-------- Data segment --------
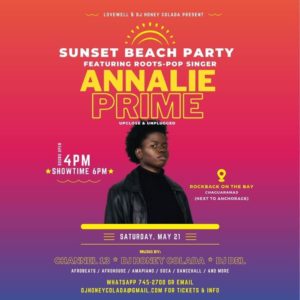 SUNSET BEACH PARTY feat. ANNALIE PRIME @ Rockback On The Bay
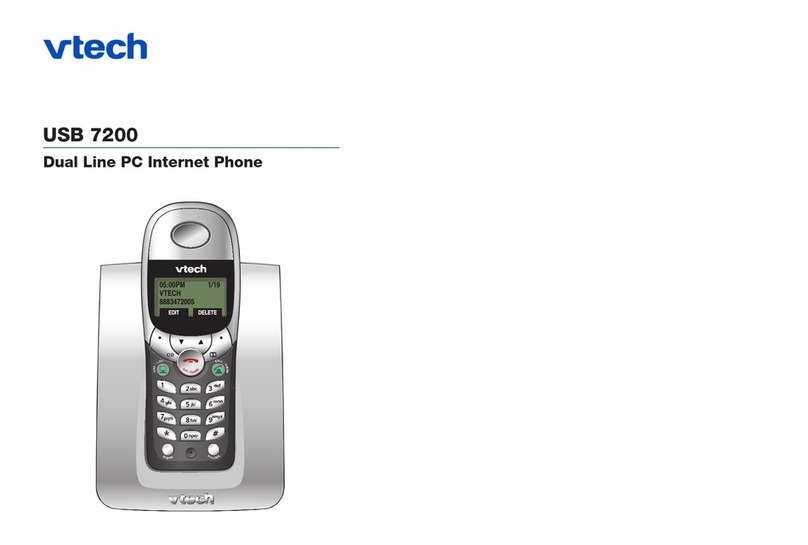V-tech USB 7200 User manual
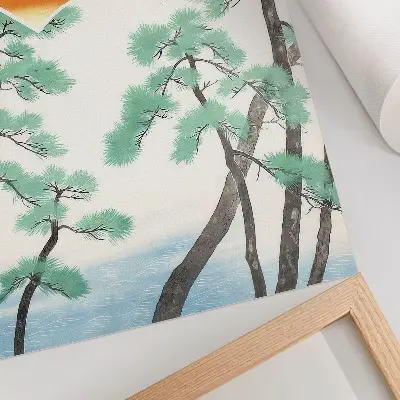 Kunstdruck auf Leinwand Reisen der Japanischen Staatsbahn (1930) als historische Illustration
--------
Exercise goal => The expected output is an exact retyping of the lines from the line with "V-tech USB 7200 User manual" through the last line of the data, with both ends kept and the pictures dropped.

Reply =>
V-tech USB 7200 User manual
 Kunstdruck auf Leinwand Reisen der Japanischen Staatsbahn (1930) als historische Illustration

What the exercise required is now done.